Крио - стр. 54
Мы изнемогали от любви. В теле у меня гудело электричество, ты, наверно, знаешь это чувство, когда электрические токи движутся в твоих венах, подобно крови. Филя говорил, я в темноте светился зеленым светом, как гнилой пень. От меня током било. Я мог бы летать и сквозь стены проходить. А сам ночи напролет, идиот, простаивал под ее окнами. Она тоже не ложилась, маячила до рассвета у темного окна, хотя оба мы валились с ног от усталости.
– Ты моя первая и последняя любовь, – я говорил ей, – любовь до гроба.
– Хорошо, – она отвечала голосом, от которого у меня дрожь пробегала по телу и волосы ерошились на голове.
Я качался как маятник между отчаянием и надеждой, непреодолимым соблазном и диким трепетом перед Небесной Марусей. Я не торопил ее, ждал, когда она окончит гимназию. Стоял у двери женской витебской гимназии и ждал – в прямом смысле, как часовой “с ружьем”.
Филя мне говорил:
– Борька, надо тебе чем-нибудь заняться! Хватит ночами жечь керосин. Я буду учить тебя лепить глиняные миски, – и поставил меня перед гончарным кругом.
А теперь представь: крутится гончарный круг, у отца выходят обыкновенные горшки, а под моей рукой рождаются кувшины несусветной красоты в виде торса женщины, причем вот именно моей Маруси. Ее талия, грудь, бедра, плечи и живот, ее округлые теплые мягкие ягодицы, мои руки обвивали ее стан, сплетались с ее руками, сливались в нестерпимом блаженстве, и если к этому сосуду, к его полураскрывшемуся розовому горлу приложишь ухо – там слышались бормотанье, шепоты и стоны, словно из раковины морской.
Ой, Филя ругал меня, бил даже, пытался опустить на грешную землю.
Только тогда притих, когда у него в один миг раскупили мои кувшины и стали еще просить.

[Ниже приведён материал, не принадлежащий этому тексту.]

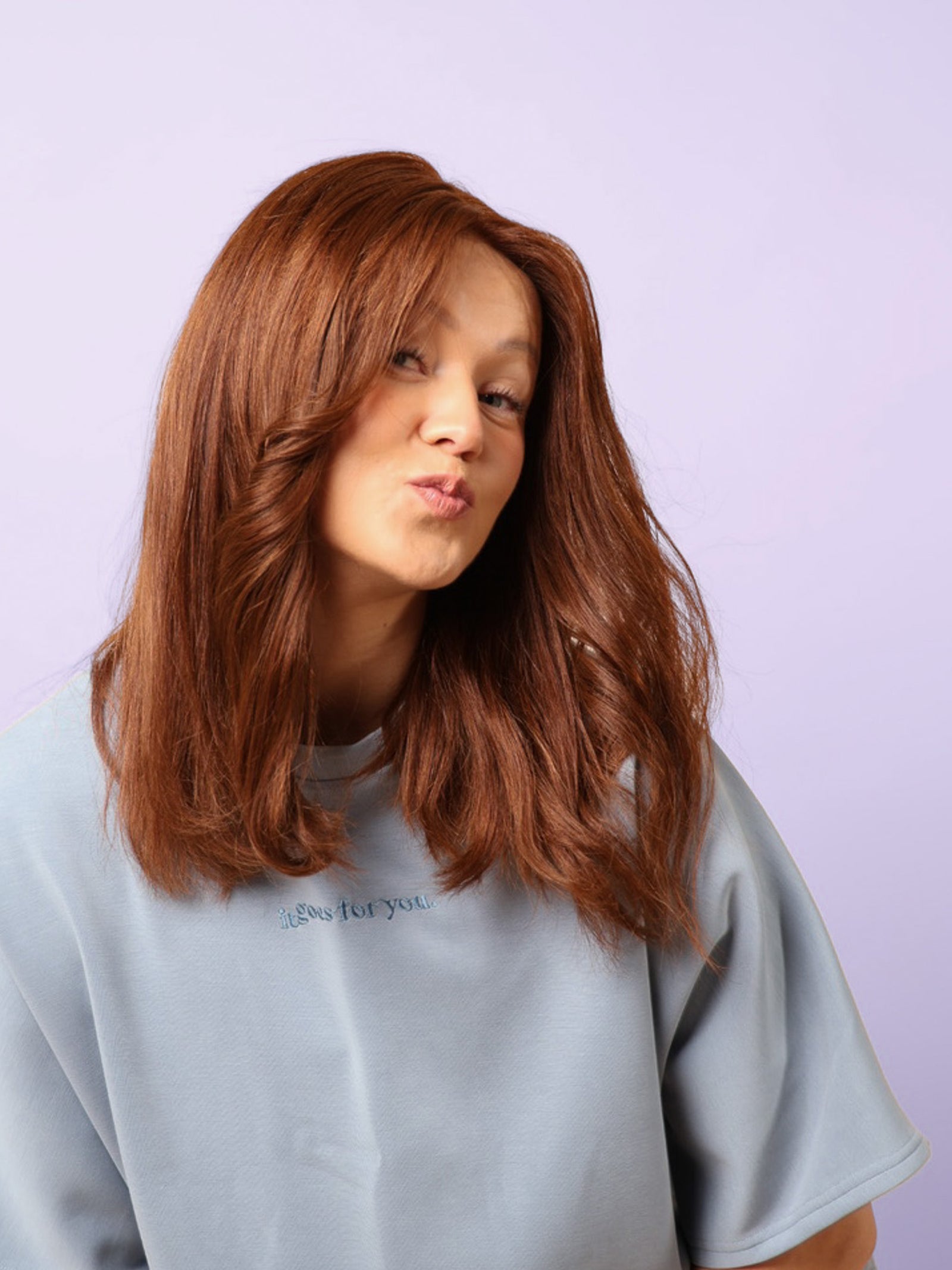 Koneommeltu 35 cm vuokraperuukki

Но мать, Ларочка, покойница, никак не желала смириться с тем, что ее дорогое опекаемое дитя гибнет от любви и страсть ему затмевает разум. На меня штаны не налезали, а натянешь с грехом пополам – они трещали и расползались по швам.

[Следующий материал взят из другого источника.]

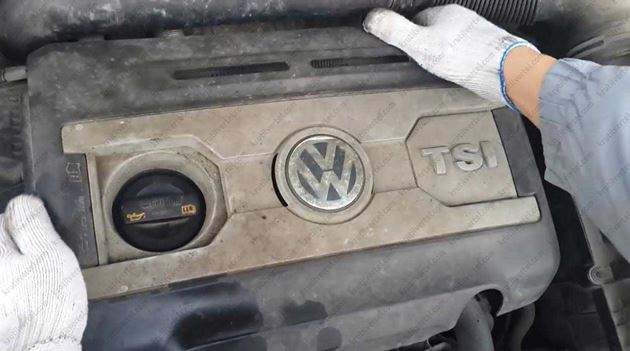 электрооборудование двигателя Volkswagen Tiguan, свеча зажигания Фольксваген Тигуан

Дора Блюмкина по просьбе Ларочки сшила для меня просторную рубаху до колен, так все только еще больше обращали внимание. Идешь, а впереди палка, как будто скачешь на деревянном коне.
Все ей говорили:
– Да ты жени его!
– Так он несовершеннолетний!
– Тогда отведи его к проститутке, Эльке-распутнице, раз ему так приспичило.
– Или к Маггиду, – сказал благочестивый Эзра – хламовщик, он всегда всех поражал своим здравым суждением. – Маггид приведет его в чувство с помощью особых таинств и заклинаний. Не к эскулапу же его вести, в конце концов! Впрочем, – сказал он Ларочке, – я имею некоторое медицинское образование – я был массажистом в женской бане.